What number of lines in the entries below include the string "Avant"? Respond with that number alone.
□ □ □
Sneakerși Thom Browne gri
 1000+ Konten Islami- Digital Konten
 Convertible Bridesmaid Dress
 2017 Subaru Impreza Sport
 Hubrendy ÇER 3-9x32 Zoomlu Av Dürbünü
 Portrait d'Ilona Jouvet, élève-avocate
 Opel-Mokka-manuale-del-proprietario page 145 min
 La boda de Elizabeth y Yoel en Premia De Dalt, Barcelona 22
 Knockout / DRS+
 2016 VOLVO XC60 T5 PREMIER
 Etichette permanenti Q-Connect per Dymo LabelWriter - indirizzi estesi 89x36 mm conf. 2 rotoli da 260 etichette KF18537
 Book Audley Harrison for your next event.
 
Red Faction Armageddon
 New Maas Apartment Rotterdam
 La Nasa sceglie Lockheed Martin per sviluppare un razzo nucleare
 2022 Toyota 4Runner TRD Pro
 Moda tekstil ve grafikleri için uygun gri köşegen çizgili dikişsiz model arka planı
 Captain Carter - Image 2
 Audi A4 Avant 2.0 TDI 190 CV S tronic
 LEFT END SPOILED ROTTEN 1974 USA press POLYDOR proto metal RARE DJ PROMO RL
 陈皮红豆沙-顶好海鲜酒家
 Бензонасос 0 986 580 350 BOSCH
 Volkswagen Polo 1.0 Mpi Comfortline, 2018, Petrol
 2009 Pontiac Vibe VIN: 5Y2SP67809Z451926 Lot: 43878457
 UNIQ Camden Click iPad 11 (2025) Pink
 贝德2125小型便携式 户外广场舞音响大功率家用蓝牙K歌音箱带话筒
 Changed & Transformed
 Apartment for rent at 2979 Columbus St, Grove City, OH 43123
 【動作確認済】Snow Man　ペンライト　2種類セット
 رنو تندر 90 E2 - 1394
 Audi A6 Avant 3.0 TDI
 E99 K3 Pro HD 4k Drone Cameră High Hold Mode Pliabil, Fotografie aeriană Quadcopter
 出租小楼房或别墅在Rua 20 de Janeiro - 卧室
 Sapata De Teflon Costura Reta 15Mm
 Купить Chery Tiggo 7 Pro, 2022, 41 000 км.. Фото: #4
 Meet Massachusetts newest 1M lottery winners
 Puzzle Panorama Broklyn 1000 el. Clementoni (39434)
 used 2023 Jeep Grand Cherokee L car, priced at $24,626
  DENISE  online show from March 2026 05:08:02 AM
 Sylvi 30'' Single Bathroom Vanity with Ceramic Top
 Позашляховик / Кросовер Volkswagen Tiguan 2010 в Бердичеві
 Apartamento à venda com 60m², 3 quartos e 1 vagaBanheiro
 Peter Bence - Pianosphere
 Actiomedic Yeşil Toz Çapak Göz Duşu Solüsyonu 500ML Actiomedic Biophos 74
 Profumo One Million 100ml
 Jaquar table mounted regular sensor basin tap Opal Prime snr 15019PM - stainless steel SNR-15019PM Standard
□ □ □
**Result of this task:**
2